A sus 19 años, Mardonio Borda, con sexto grado de primaria, un español entrecortado, tenía en su mochila unos 125.000 dólares en drogas. Su propósito: salir del principal valle productor de cocaína del Perú sin ser detectado por los controles militares y policiales y con la droga a salvo. Él es uno de los cientos de quechuas que llevan drogas por caminos de herradura abiertos hace más de mil años por sus antepasados preincaicos.
En su largo recorrido a pie, Borda cruzaba cerca de Machu Picchu en un periplo que culmina en Cusco, donde entrega su carga al jefe. En este país que desplazó a Colombia como primer productor de cocaína del mundo, jóvenes como Borda parten a diario del valle de los ríos Apurímac, Ene y Mantaro, donde se produce el 60% de la cocaína peruana, en caminatas que duran entre tres y cinco días.
La mayor preocupación de los mochileros no es escalar las escarpadas montañas de Los Andes sino las bandas armadas de ladrones que acechan por los caminos y que pueden ser desde policías o militares corruptos hasta otros mochileros que roban a sus colegas a lo largo de un accidentado trayecto que puede extenderse por más de 160 kilómetros (100 millas).
“Es ganar o perder”, dice Borda. “Como jugar en el casino”.
Sacar la cocaína fuera del valle es la única forma que tienen los lugareños de ganar dinero en esta región olvidada, donde un campesino percibe menos de 10 dólares al día de salario.
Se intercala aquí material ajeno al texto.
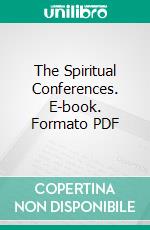 The Spiritual Conferences. E-book. Formato PDF ebook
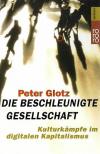 Glotz, Die Beschleunigte Gesellschaft.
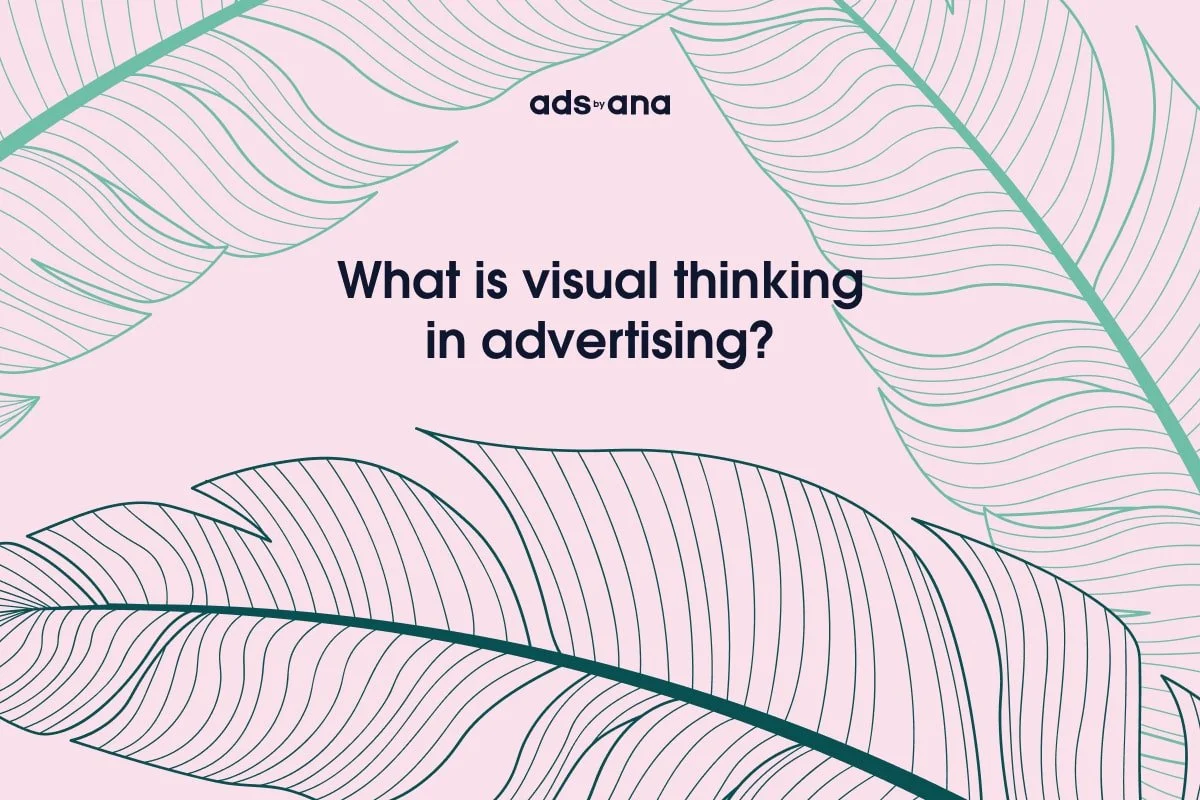 What is Visual Thinking in Advertising?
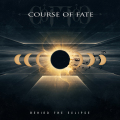 COURSE OF FATE - Behind The Eclipse  (ALL NOIR)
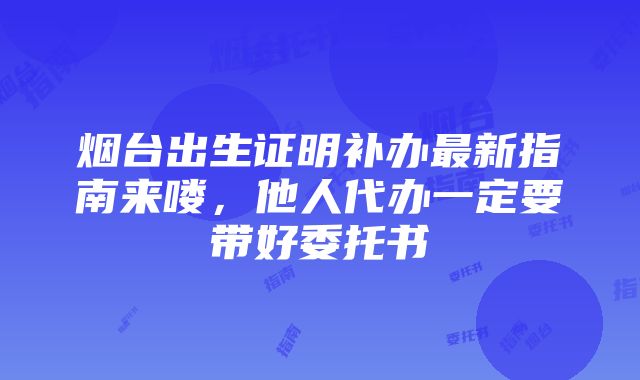 烟台出生证明补办最新指南来喽，他人代办一定要带好委托书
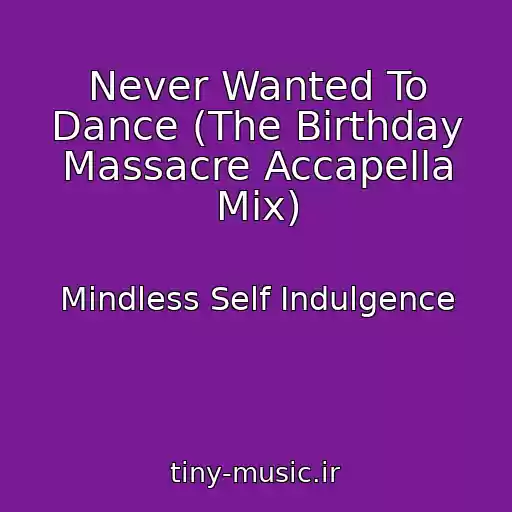 کاور آهنگ Never Wanted To Dance (The Birthday Massacre Accapella Mix) از Mindless Self Indulgence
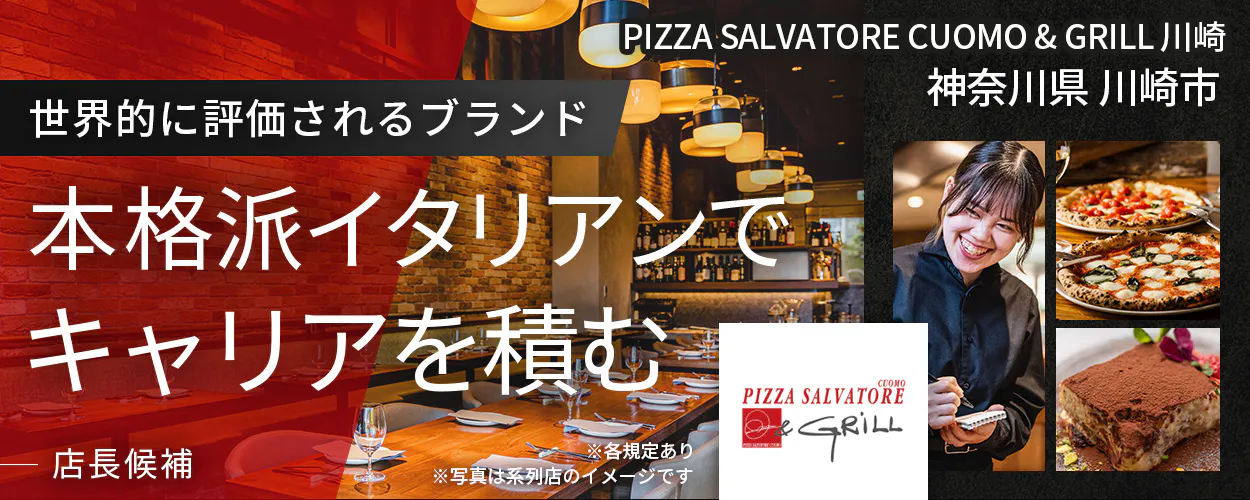ワイズテーブルコーポレーション ※各規定あり ※写真は系列店のイメージです 世界的に評価されるブランド 本格派イタリアンで キャリアを積む 店長候補 PIZZA SALVATORE CUOMO & GRILL 神奈川県 川崎市 PIZZA SALVATORE CUOMO & GRILL 川崎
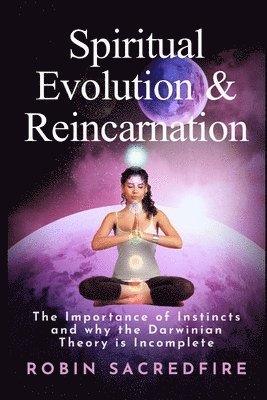 Robin Sacredfire - Spiritual Evolution and Reincarnation, Häftad. Tillgänglighet: Lägg i varukorg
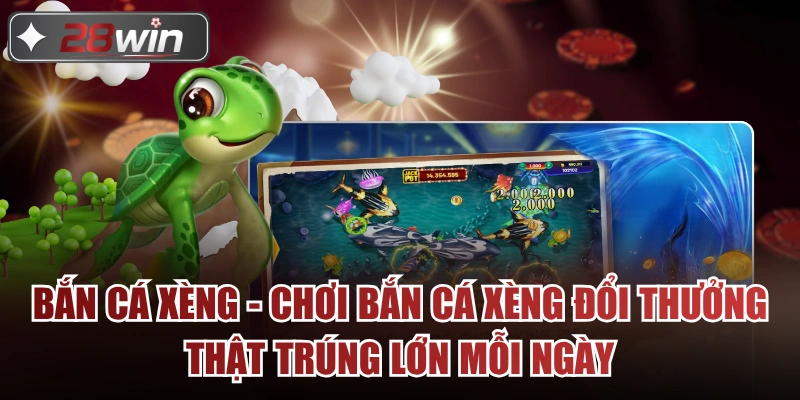 Bắn Cá Xèng - Chơi Bắn Cá Xèng Đổi Thưởng Thật Trúng Lớn Mỗi Ngày
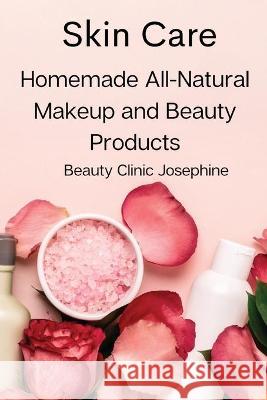 Skin Care: Homemade All-Natural Makeup and Beauty Products Beauty Clinic Josephine 9788367110143 Beauty Clinic Josephine - książka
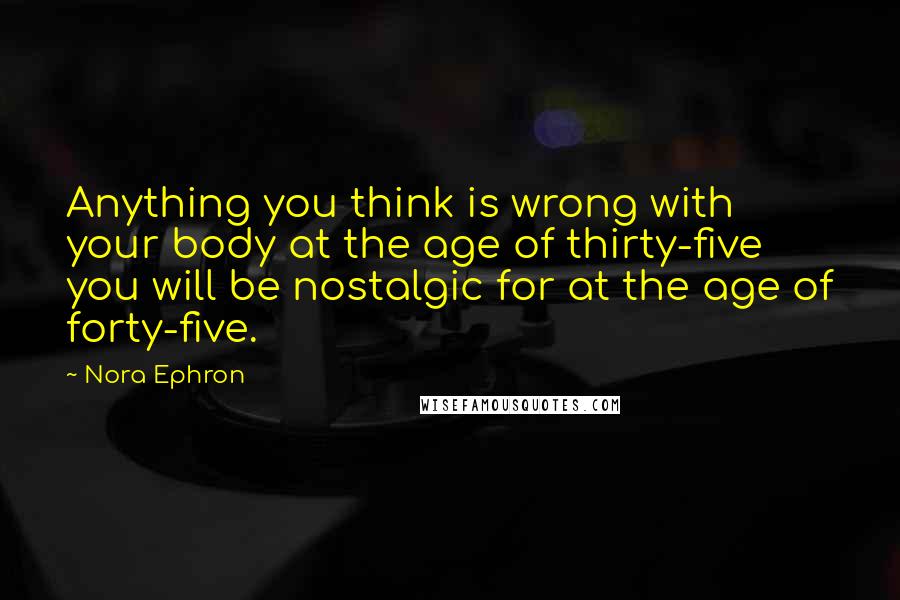 Nora Ephron Quotes: Anything you think is wrong with your body at the age of thirty-five you will be nostalgic for at the age of forty-five.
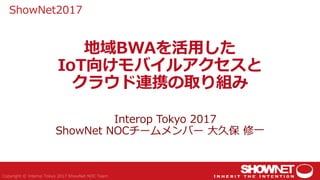地域BWAを活用した
IoT向けモバイルアクセスと
クラウド連携の取り組み
Interop Tokyo 2017
ShowNet NOCチームメンバー 大久保 修一
ShowNet2017
 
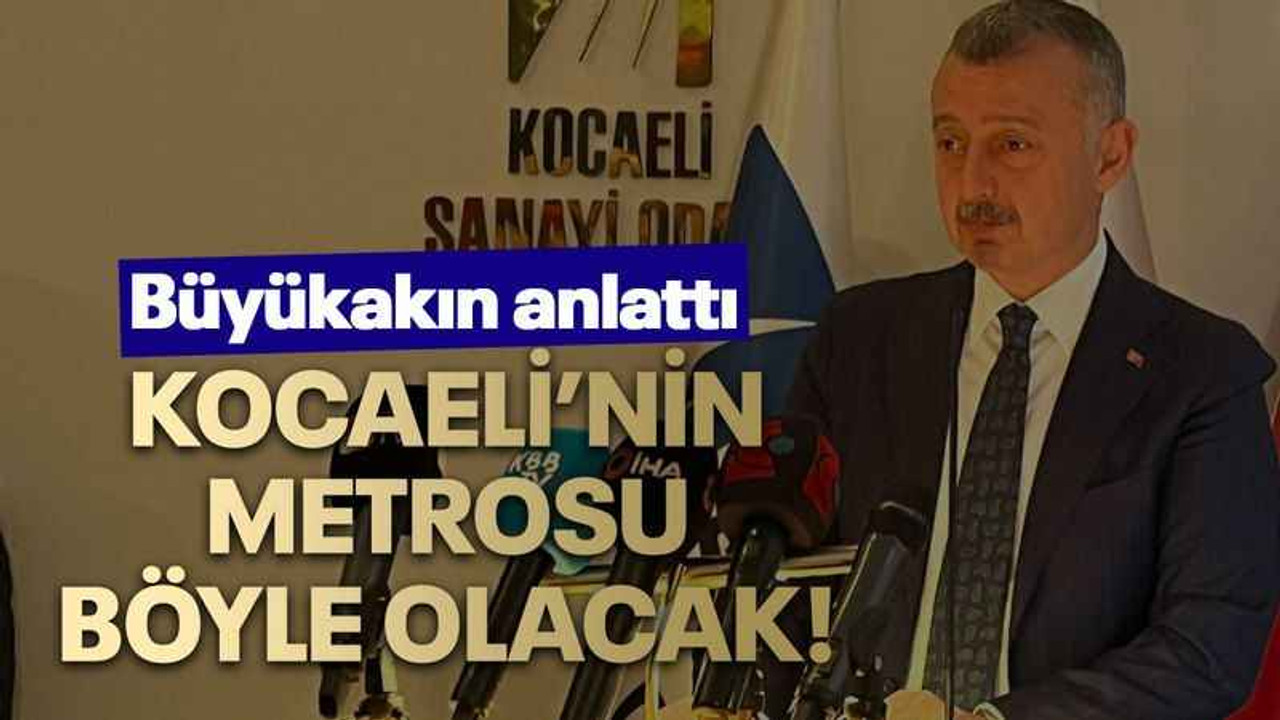 Büyükakın anlattı Kocaeli’nin metrosu böyle olacak!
Es una actividad que cuesta vidas y que ha llenado las prisiones de la zona con mochileros, mientras que sus jefes evaden a la justicia.
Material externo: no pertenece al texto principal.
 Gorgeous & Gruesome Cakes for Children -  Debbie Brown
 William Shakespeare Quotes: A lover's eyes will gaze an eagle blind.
Es un gran negocio. El gobierno estadounidense estima que Perú produce 305 toneladas métricas de cocaína al año. Alrededor de una tercera parte sale a pie de estas montañas, según expertos.
Los mochileros son mayoritariamente indígenas como Borda, que hablan quechua, oriundos de aisladas comunidades campesinas que sufrieron las peores atrocidades durante la guerra entre el gobierno y Sendero Luminoso entre 1980 y 2000. Muchos mochileros son huérfanos y algunos de ellos pertenecen a la etnia asháninka, la más grande del Amazonas.
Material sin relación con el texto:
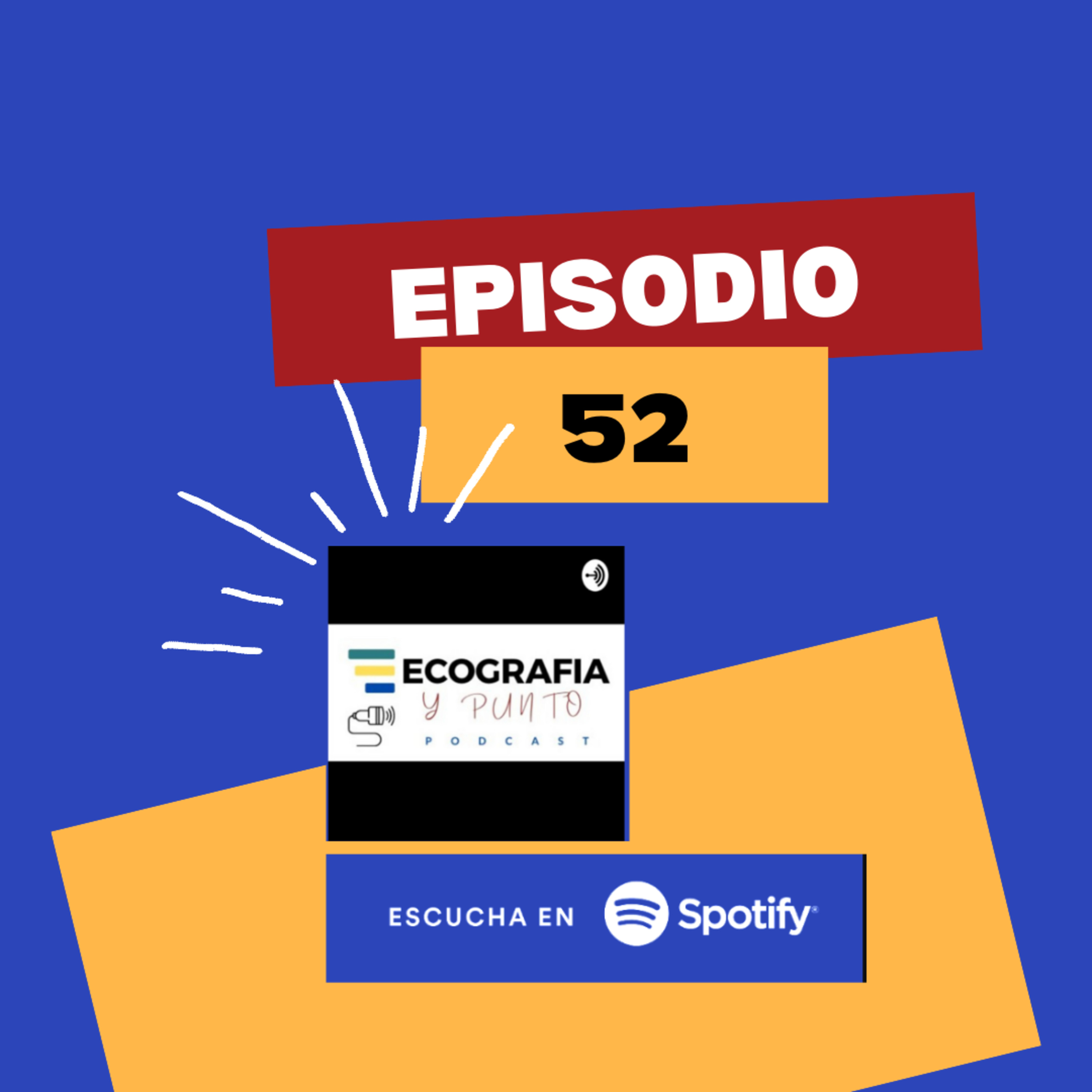 Episodio 52: El Quiste de Rodilla al Descubierto en tu Ecografía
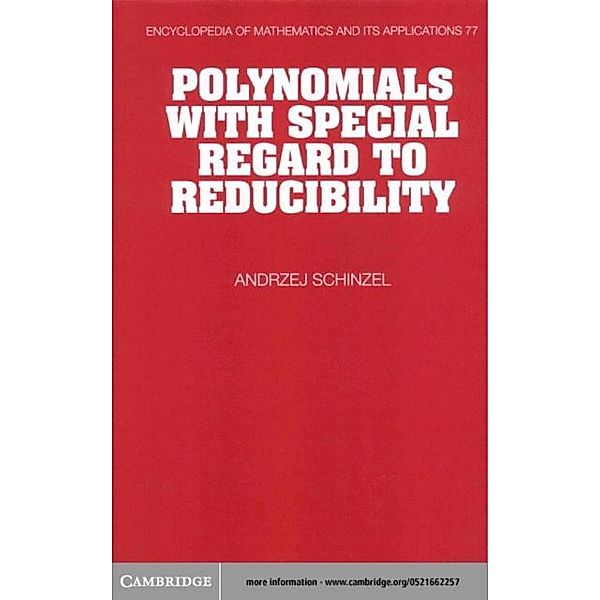 Polynomials with Special Regard to Reducibility, A. Schinzel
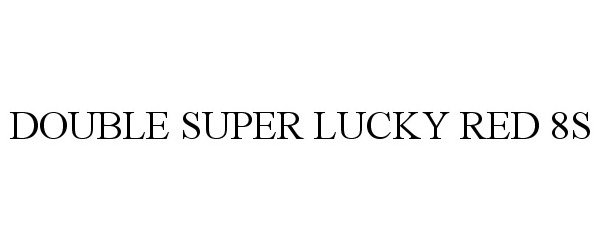 Trademark Logo DOUBLE SUPER LUCKY RED 8S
Las tasas de pobreza en el valle son tres veces las del promedio nacional, pero los mochileros ganan entre 150 y 400 dólares por viaje, dependiendo de la carga. Los cinco kilos de pasta de cocaína que lleva Borda valen unos 3.500 dólares en Perú y 16 veces esa cifra en Estados Unidos cuando es vendida a mayoristas. Procesada, convertida en cocaína en polvo y vendida por gramos, puede generar hasta 250.000 dólares en las calles de Nueva York.
“Tienen secundaria incompleta la gran mayoría, muchos incluso no han terminado primaria”, dice Laura Barrenechea, socióloga de CEDRO, una entidad no gubernamental que el año pasado entrevistó a 33 mochileros en la prisión de máxima seguridad de Yanamilla, en Ayacucho, capital regional en esta zona montañosa del sureste del país, donde terminan en la cárcel muchos mochileros dedicados al transporte de drogas.
“No tienen conciencia de que son el primer eslabón de la cadena del narcotráfico”, añade.